Lors de la création des Forces françaises de l’Intérieur (FFI) le 1er février 1944, résultant de la fusion théorique de l’Armée secrète, des Francs-Tireurs et partisans et de l’Organisation de Résistance de l’armée, la France a été divisée en 12 régions militaires et des chefs militaires et régionaux ont été désignés. L’intensification de la répression allemande et de celle du gouvernement de Vichy avec l’installation de la milice en zone Nord, décime les rangs de l’état-major FFI en Ile-de-France. Dejussieu-Poncarral est arrêté en mai puis le commandant Lefaucheux début juin. Le 5 juin, le colonel Henri Tanguy, "Rol", lui succède à la tête des FFI de la région parisienne. Il dispose d’un adjoint pour le département de la Seine, le colonel de Marguerittes, alias « Lizé », officier de carrière, résistant de l’Organisation civile militaire.

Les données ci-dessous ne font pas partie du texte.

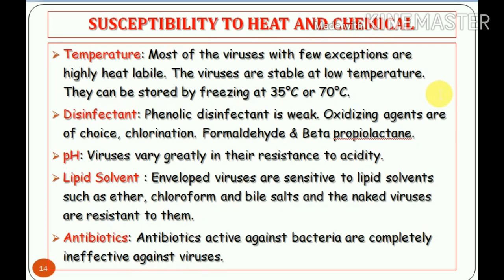Next, susceptibility to heat and chemical. Most viruses, with few exceptions, are highly heat-labile — easily destroyed by applying heat. At 56°C, viruses can be killed within seconds; at 37°C, within minutes. Viruses are very stable at low temperatures and cannot be killed by freezing. We can store viruses by freezing or through a process called lyophilization, using minus 70°C for storing viruses for longer durations.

La mise en place des structures départementales FFI de P1, qui s'étale sur plusieurs semaines, est loin d'être simple. La représentation des mouvements constitue l'un des problèmes les plus difficiles. Le chef régional donne son accord final aux désignations mais elles reviennent initialement aux mouvements et le cas échéant les Délégués militaires interviennent aussi. Fin juillet, chefs et états-majors départementaux sont pour l'essentiel en place dans la Seine (colonel de Marguerittes - "Lizé", OCM), en Seine-et-Oise Nord (Philippe Viannay - "Philippe" - de Défense de la France) et en Seine-et-Oise Sud (Pélissier - "Forestier, Duroc" - de Libération Nord, qui sera remplacé par Jacques Pastor - Front national - le 15 août). En Seine-et-Marne, les chefs départementaux des FFI sont successivement Jacques Desbois jusqu'à son arrestation le 24 juillet 1944, puis Hubert Desouches.
Roger Bourderon, "L'état-major régional FFI de la région parisienne de sa création à la percée d'Avranches" in Le Patriote Résistant, mai 2009.